Traidores porque, associados em quadrilha, saquearam o país. Traidores porque, uma vez presos, traíram, delatando os cúmplices. Precisamos repensar, haja vista a emergente maioria do STF, os ministros Marco Aurélio, Gilmar Mendes, Ricardo Lewandowski, Dias Toffoli, Alexandre de Moraes e – pontualmente – Edson Fachin. Eles começam a minar o combate jurisdicional da corrupção e fazer, dos antes traidores, os heróis do futuro.
NO LÉXICO POLÍTICO vigente, traidor e delator se equivalem – o termo legal é ‘colaboração’, mas os aplicadores da lei não só vulgarizaram como não combateram o derrogatório ‘delação’. Quem não delata não é considerado traidor; quem delata, sim. Herói e vilão – por ora, no círculo de cúmplices e correligionários é visto como herói.
Quando os delatores receberão o geral conceito de heróis do volúvel e movediço brasileiro é questão em aberto. José Dirceu, José Genoíno, João Vaccari foram presos, condenados e não delataram os correligionários e cúmplices eventuais. Eduardo Cunha permanece preso, faz avaliação de risco, calculista e calculador que é.
Marcelo Odebrecht ensaiou bravata ao depor no Congresso e dizer que sua educação de casa repudiava a ‘cagüetagem’ (o belo, castiço e erudito vocábulo assim enunciado pelo príncipe da propina). Mais tarde delatou, ou melhor ‘cagüetou”. Odebrecht, para consumo interno das quadrilhas e externo do brasileiro é traidor, em todas as acepções.
Em trânsito para o panteão dos heróis está o ex-deputado Rocha Loures. Seu advogado, na exaltação que em país civilizado e sério já o teria levado à punição pelo organismo de classe, passou-lhe o galardão, o libertas quae sera tamen da categoria: “morre, mas não delata”.
ROCHA LOURES e JOSÉ DIRCEU são, para efeitos didáticos, as duas faces da moeda, a cara de uma quadrilha e a coroa de outra. Equivalentes na omertà, preferem morrer a delatar. Exemplos de nobreza, heroísmo até. Nunca foram, jamais serão, nem remotamente, equiparados a Joaquim Silvério dos Reis. Porque decidiram não delatar.
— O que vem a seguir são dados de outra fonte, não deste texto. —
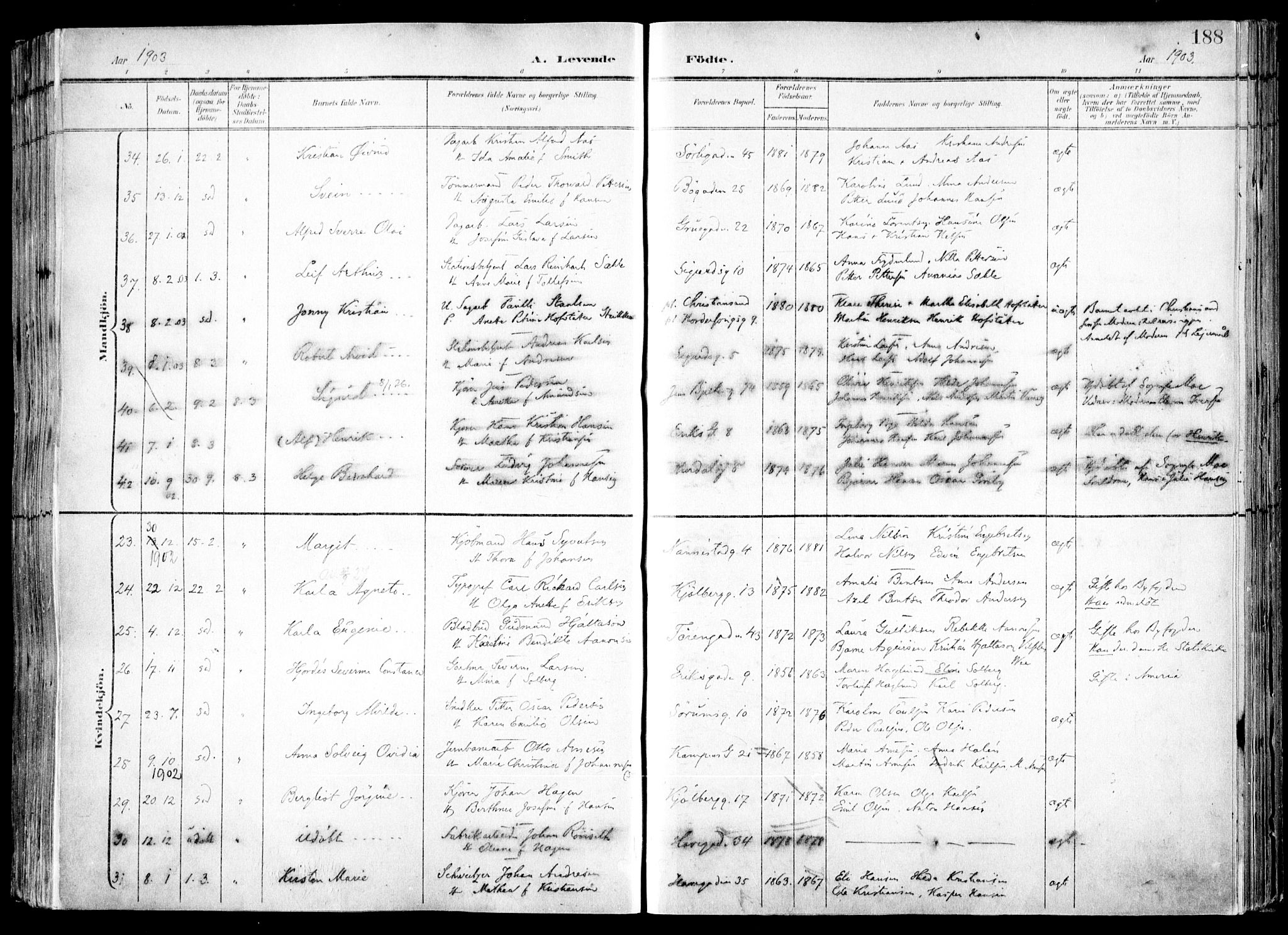 Kampen prestekontor Kirkebøker, SAO/A-10853/F/Fa/L0007: Parish register (official) no. I 7, 1897-1905, p. 188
Até agora, porque não delataram, estão no umbral do panteão dos heróis – como tais assim entronizados em seus círculos de origem: Dirceu, no universo estalino-petista, Rocha Loures, no entorno cavernoso-balbuciante de Michel Temer. Qualquer coisa como Tiradentes.
OS DOIS, que preferem a morte à delação, sobrepõem ações ilegais à devoção pátria. A delação pode ser arrependimento e expiação de culpa entre os povos de cultura puritana e credo protestante. Entre nós a delação é traição, quebra da honra e da lealdade entre delinquentes. Assim se pratica na criminalidade comum e passa a valer na alta criminalidade, a dos diplomados pela justiça eleitoral.
Não delatar, ou não colaborar com a Justiça, não é questão de mera, corriqueira e humana falta de escrúpulos. É a válvula de segurança da impunidade, garantida pelo judiciário lento, por leis lenientes e pela historicamente fraca memória do povo. Acima de tudo, mais que tudo, sustentada na cumplicidade das elites. Por isso quem não delata nem colabora é herói. Porque isto aqui não é Brasil, é Lisarb.